Paygo

PAYGO…. In case we needed additional evidence that bipartisanship is pretty much impossible, we got some yesterday.

The Senate took a vote on extending the federal debt ceiling — without which the United States would go into default. All 40 Republicans voted no.

The Senate took a vote on requiring Congress not to pass legislation that it can’t pay for. All 40 Republicans voted no.

The Senate took a final vote on passing the overall plan. Thirty-nine Republicans voted no. The 40th, Sen. Mike Enzi (R-Wyo.), skipped the vote.

The paygo vote was especially ridiculous. The idea is to “impose a requirement that key parts of the budget must be paid for with spending cuts or tax increases to prevent the federal deficit from increasing.” It’s known as the pay-as-you-go approach, or “paygo” — if policymakers are going to increase spending or cut taxes, they have to figure out a way to pay for it at the time.

A similar rule was in place during the Clinton era, when the deficit was eliminated altogether. Republicans — you know, the ones who claim to have the high ground on fiscal responsibility — scrapped paygo in 2002. Soon after, GOP policymakers stopped trying to pay for their policies, and Republicans quickly added $5 trillion to the national debt, and left a $1.4 trillion deficit for Democrats to clean up.

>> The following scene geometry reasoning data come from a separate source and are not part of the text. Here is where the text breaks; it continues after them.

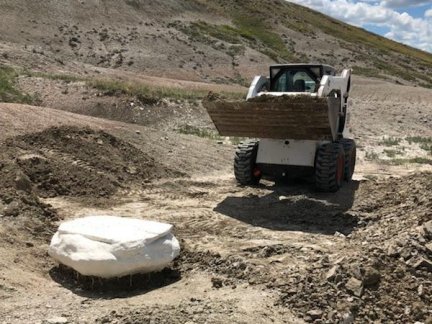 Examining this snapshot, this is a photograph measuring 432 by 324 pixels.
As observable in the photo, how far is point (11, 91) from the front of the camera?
20172 mm

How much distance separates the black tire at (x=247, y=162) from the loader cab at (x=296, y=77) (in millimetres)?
1304

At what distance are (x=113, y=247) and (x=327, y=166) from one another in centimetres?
562

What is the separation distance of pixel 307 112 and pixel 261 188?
8.47 ft

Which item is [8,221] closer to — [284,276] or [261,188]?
[284,276]

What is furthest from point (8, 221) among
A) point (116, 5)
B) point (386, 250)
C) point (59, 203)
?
point (116, 5)

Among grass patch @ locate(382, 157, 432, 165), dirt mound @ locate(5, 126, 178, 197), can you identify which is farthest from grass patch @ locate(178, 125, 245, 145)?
dirt mound @ locate(5, 126, 178, 197)

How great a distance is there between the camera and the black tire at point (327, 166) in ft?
36.7

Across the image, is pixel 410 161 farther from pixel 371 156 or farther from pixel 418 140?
pixel 418 140

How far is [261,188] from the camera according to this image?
1248 centimetres

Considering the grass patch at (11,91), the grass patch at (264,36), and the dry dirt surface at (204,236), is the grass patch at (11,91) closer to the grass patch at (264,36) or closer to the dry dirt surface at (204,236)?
the dry dirt surface at (204,236)

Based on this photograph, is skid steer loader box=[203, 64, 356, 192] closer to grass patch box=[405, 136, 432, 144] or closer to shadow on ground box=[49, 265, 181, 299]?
shadow on ground box=[49, 265, 181, 299]

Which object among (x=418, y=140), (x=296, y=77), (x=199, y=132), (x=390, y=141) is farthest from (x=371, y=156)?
(x=296, y=77)

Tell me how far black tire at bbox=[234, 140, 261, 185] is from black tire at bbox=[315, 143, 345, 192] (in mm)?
1422

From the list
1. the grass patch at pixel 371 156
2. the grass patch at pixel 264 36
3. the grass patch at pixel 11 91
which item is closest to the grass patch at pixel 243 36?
the grass patch at pixel 264 36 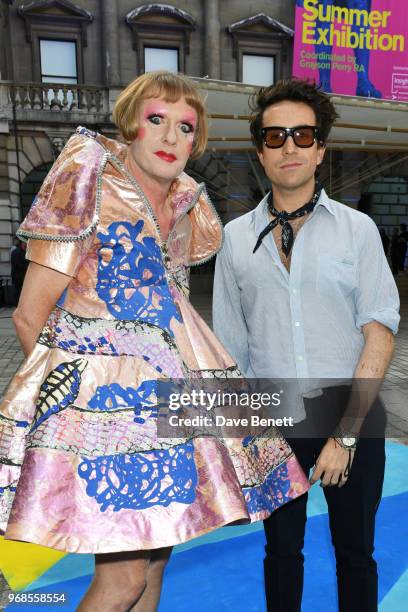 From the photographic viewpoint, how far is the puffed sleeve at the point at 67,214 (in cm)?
143

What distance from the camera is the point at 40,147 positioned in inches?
602

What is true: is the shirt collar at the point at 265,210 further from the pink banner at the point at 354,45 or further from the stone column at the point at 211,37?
the stone column at the point at 211,37

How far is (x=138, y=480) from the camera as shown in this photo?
1.36 meters

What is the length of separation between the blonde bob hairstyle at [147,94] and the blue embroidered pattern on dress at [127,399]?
0.80 metres

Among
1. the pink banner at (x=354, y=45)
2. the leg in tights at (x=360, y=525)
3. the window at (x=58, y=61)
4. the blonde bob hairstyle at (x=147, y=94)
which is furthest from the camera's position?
the window at (x=58, y=61)

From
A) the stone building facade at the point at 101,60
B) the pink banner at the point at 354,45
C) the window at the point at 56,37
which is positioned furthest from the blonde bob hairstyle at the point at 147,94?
the window at the point at 56,37

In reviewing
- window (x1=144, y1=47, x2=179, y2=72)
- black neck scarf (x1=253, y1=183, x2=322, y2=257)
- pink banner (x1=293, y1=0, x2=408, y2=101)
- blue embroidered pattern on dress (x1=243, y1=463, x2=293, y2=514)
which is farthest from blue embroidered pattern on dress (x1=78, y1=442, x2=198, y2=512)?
window (x1=144, y1=47, x2=179, y2=72)

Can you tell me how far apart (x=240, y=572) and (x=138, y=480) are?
156 cm

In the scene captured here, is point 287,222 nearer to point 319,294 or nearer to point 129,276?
point 319,294

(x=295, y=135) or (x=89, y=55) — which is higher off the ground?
(x=89, y=55)

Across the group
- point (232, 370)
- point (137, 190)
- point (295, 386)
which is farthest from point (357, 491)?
point (137, 190)

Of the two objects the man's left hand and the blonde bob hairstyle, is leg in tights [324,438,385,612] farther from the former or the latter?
the blonde bob hairstyle

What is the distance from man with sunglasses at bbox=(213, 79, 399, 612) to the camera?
1.65 metres

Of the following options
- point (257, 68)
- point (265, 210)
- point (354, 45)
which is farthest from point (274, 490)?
point (257, 68) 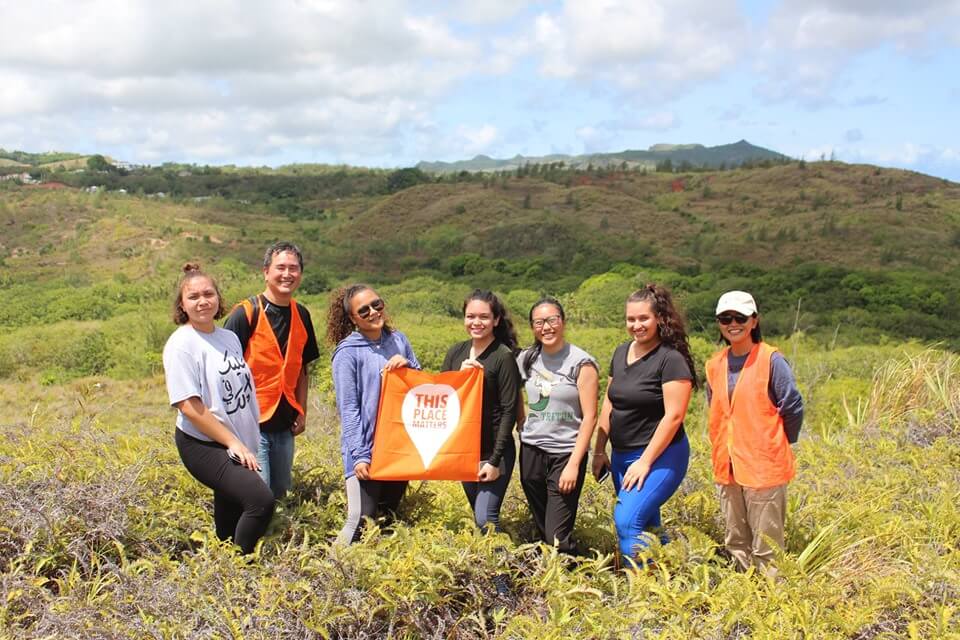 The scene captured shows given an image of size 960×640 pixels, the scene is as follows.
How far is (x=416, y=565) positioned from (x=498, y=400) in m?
0.78

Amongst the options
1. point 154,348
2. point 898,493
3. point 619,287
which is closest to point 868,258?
point 619,287

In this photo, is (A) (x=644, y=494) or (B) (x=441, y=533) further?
(B) (x=441, y=533)

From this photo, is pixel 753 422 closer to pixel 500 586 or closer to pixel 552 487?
pixel 552 487

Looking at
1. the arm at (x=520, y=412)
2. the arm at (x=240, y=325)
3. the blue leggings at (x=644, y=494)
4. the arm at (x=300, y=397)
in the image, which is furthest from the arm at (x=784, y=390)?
the arm at (x=240, y=325)

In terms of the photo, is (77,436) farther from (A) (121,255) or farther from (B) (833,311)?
(A) (121,255)

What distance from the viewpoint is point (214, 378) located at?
2883 millimetres

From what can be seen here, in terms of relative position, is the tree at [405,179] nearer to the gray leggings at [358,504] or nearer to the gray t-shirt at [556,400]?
the gray leggings at [358,504]

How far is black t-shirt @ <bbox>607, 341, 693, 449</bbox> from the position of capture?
2.98 m

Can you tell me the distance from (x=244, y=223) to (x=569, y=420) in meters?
39.3

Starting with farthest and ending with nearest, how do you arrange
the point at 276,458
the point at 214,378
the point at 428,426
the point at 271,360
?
the point at 276,458, the point at 271,360, the point at 428,426, the point at 214,378

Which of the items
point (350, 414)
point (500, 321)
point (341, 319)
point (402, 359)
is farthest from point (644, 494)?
point (341, 319)

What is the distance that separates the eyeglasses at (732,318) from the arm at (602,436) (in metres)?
0.52

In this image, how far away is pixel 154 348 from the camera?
46.2 feet

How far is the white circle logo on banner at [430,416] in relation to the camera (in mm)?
3197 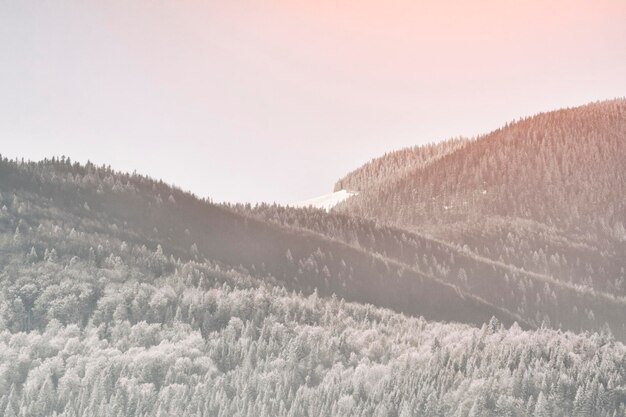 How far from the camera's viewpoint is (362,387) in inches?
4914

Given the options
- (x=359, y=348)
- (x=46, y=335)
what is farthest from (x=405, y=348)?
(x=46, y=335)

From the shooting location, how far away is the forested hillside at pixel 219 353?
115 meters

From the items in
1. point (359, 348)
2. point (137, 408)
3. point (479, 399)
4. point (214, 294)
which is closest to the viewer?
point (137, 408)

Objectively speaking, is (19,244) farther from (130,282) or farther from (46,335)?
(46,335)

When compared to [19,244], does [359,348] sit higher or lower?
lower

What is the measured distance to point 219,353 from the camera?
137625 mm

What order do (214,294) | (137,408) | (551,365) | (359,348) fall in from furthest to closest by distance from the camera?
1. (214,294)
2. (359,348)
3. (551,365)
4. (137,408)

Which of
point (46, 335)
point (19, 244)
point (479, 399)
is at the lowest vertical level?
point (479, 399)

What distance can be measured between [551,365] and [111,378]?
73589mm

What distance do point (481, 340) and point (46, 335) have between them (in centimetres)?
8073

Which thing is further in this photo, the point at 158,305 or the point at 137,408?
the point at 158,305

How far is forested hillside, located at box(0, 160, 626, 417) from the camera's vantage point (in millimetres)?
114812

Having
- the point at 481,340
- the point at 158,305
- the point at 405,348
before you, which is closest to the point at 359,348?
the point at 405,348

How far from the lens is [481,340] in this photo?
15825 cm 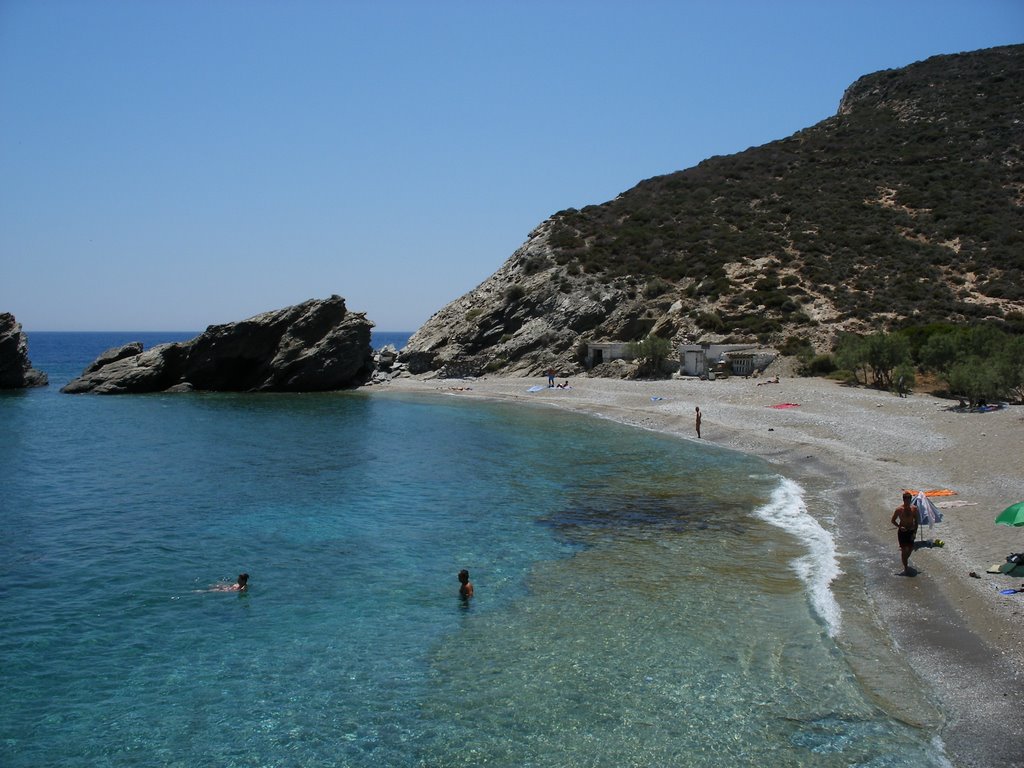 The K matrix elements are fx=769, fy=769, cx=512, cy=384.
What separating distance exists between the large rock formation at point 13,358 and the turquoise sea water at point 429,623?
42.8m

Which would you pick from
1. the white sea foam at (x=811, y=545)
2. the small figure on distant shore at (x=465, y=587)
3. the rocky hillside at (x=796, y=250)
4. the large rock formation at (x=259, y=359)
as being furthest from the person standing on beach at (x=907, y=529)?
the large rock formation at (x=259, y=359)

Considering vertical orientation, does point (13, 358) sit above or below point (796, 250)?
below

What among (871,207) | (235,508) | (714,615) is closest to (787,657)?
(714,615)

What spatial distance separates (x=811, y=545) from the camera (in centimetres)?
1902

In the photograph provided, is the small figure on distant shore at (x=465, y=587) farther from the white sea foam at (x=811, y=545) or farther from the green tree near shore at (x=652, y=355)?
the green tree near shore at (x=652, y=355)

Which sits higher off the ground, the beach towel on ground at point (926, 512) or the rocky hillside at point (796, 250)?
the rocky hillside at point (796, 250)

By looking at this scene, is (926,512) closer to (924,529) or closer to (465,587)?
(924,529)

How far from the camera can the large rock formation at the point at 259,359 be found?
65.0 m

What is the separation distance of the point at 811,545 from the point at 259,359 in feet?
184

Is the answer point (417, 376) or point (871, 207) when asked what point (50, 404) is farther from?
point (871, 207)

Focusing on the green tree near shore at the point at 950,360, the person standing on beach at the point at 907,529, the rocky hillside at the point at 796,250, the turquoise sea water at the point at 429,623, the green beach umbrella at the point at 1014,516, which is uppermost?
the rocky hillside at the point at 796,250

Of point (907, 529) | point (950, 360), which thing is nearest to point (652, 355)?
point (950, 360)

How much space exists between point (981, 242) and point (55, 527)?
74.0 metres

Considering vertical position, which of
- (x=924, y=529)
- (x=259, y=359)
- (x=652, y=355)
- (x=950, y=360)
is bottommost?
(x=924, y=529) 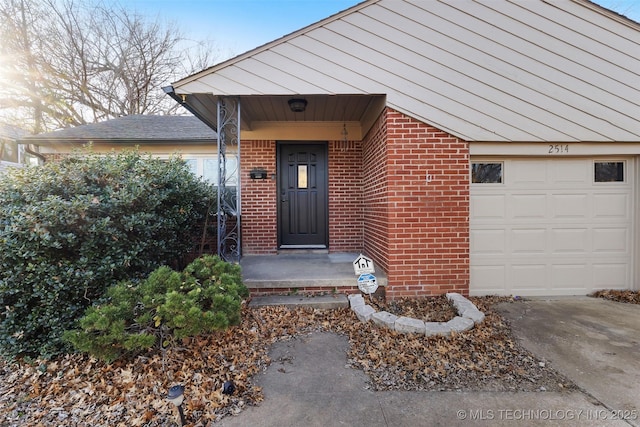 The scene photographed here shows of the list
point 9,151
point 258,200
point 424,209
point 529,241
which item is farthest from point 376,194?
point 9,151

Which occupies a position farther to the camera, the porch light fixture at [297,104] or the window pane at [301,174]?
the window pane at [301,174]

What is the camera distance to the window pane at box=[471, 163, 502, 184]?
13.5ft

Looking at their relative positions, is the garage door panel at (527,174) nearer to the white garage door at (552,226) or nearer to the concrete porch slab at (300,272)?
the white garage door at (552,226)

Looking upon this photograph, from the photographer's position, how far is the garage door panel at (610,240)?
4137 mm

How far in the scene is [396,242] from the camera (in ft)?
12.6

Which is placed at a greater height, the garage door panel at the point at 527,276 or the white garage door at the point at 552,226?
the white garage door at the point at 552,226

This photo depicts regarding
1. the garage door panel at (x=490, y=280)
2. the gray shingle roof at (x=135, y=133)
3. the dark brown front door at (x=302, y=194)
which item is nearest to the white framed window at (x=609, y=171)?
the garage door panel at (x=490, y=280)

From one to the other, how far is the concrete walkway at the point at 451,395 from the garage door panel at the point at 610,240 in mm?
1489

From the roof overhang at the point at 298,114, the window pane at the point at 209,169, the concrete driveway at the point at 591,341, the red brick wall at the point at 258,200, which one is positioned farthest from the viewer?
the window pane at the point at 209,169

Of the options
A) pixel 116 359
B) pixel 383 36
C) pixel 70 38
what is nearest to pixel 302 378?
pixel 116 359

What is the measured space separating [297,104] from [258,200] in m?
2.09

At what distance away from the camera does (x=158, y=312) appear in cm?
250

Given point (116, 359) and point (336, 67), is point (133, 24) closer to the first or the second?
point (336, 67)

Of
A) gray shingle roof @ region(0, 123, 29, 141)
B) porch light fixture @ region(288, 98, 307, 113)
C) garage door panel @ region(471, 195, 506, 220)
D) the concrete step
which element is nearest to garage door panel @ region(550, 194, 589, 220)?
garage door panel @ region(471, 195, 506, 220) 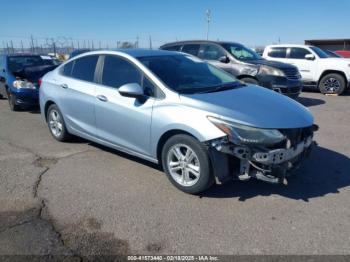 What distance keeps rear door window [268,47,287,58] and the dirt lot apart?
834cm

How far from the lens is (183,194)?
13.2ft

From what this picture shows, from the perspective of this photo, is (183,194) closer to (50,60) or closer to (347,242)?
(347,242)

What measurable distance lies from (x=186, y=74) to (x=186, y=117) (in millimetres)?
1052

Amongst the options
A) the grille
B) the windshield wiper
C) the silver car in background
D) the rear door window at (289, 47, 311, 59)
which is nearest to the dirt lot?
the silver car in background

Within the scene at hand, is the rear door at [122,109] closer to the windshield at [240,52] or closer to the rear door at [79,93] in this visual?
the rear door at [79,93]

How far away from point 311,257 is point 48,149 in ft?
14.6

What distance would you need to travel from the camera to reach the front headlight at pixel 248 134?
11.6 feet

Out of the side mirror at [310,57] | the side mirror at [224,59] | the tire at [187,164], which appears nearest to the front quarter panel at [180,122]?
the tire at [187,164]

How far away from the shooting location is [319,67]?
39.7 feet

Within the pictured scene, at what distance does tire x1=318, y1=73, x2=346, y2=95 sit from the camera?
11.9 meters

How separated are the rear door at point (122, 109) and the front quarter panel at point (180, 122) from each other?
108 mm

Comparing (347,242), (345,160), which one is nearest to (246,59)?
(345,160)

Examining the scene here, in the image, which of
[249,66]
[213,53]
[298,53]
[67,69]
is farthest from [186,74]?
[298,53]

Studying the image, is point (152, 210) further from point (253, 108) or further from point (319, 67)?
point (319, 67) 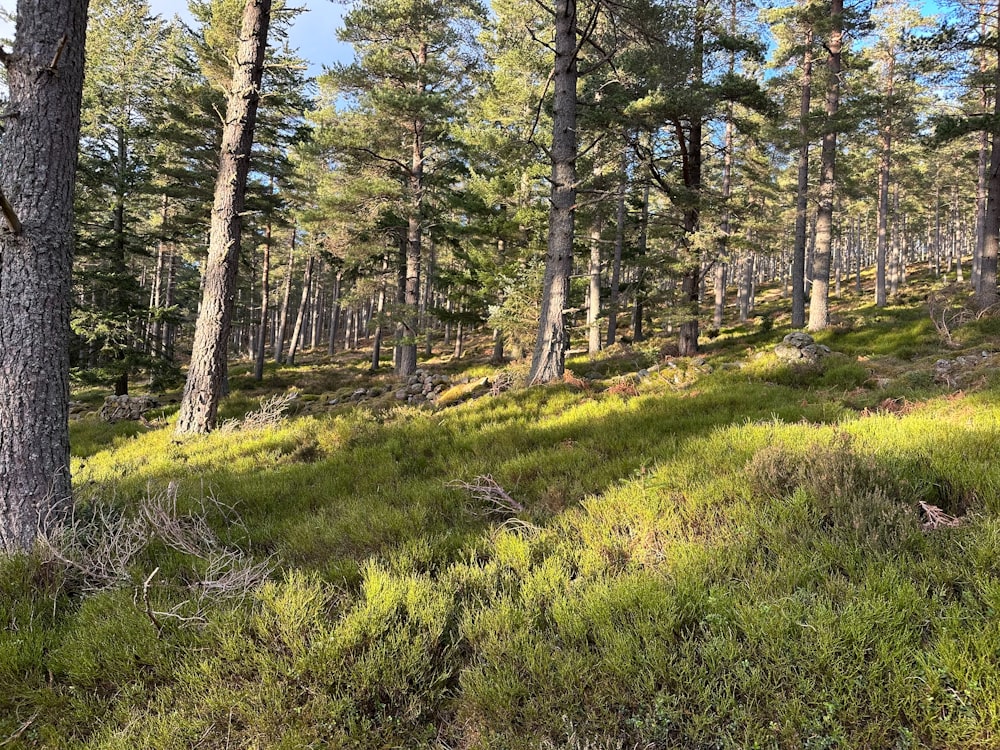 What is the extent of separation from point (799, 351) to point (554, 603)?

As part of the effort to address the GOP’s mess, Democrats have embraced paygo as a matter of common sense. President Obama, in his State of the Union address, urged Congress this week to “restore the pay-as-you-go law that was a big reason for why we had record surpluses in the 1990s.”

Just a few years ago, a handful of Senate Republicans — Olympia Snowe, Susan Collins, George Voinovich, and John McCain — argued that paygo should be brought back. They were unsuccessful in persuading their Republican colleagues at the time, and yesterday, they voted with their Republican colleagues to reject the idea that they’d already embraced.

And that, in a nutshell, is why the notion of bipartisanship with a failed and discredited minority is so hard to take seriously. GOP lawmakers are so reflexive in saying “no” to everything, they end up opposing ideas they support, and at that point, reason has no meaning.